**What is required:** Starting at the line that contains "La fatia pizza - Foto 8", write out every line through the last one in the records below, word for word. Leave out any pictures.

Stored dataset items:
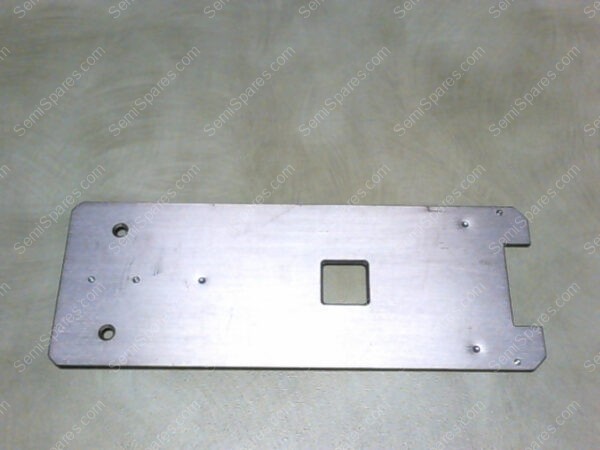 XX-9605-00 | PADDLE, 4 ' ' CONVERSION, P/N 15-01124-00 - Image 3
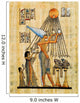 Egyptian papyrus, Ra Offering 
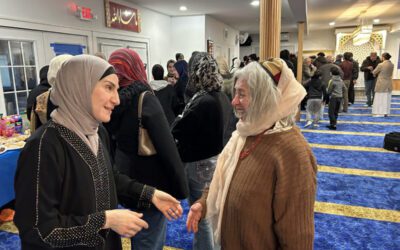 Support pours in for Pike County Islamic Center after shooting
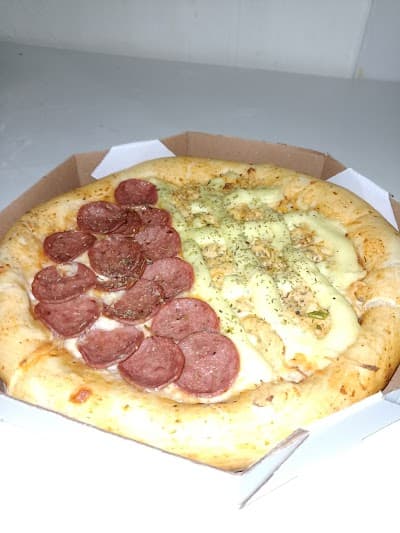 La fatia pizza - Foto 8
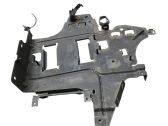 Engine control unit holder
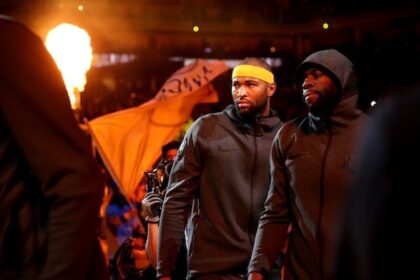 Lakers News: Steve Kerr And Draymond Green ‘devastated’ For Demarcus Cousins In Wake Of Acl Tear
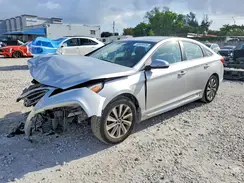 5NPE34AF2GH434585 2016 HYUNDAI SONATA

**Solution to the problem:**
 La fatia pizza - Foto 8
 Engine control unit holder
 Lakers News: Steve Kerr And Draymond Green ‘devastated’ For Demarcus Cousins In Wake Of Acl Tear
 5NPE34AF2GH434585 2016 HYUNDAI SONATA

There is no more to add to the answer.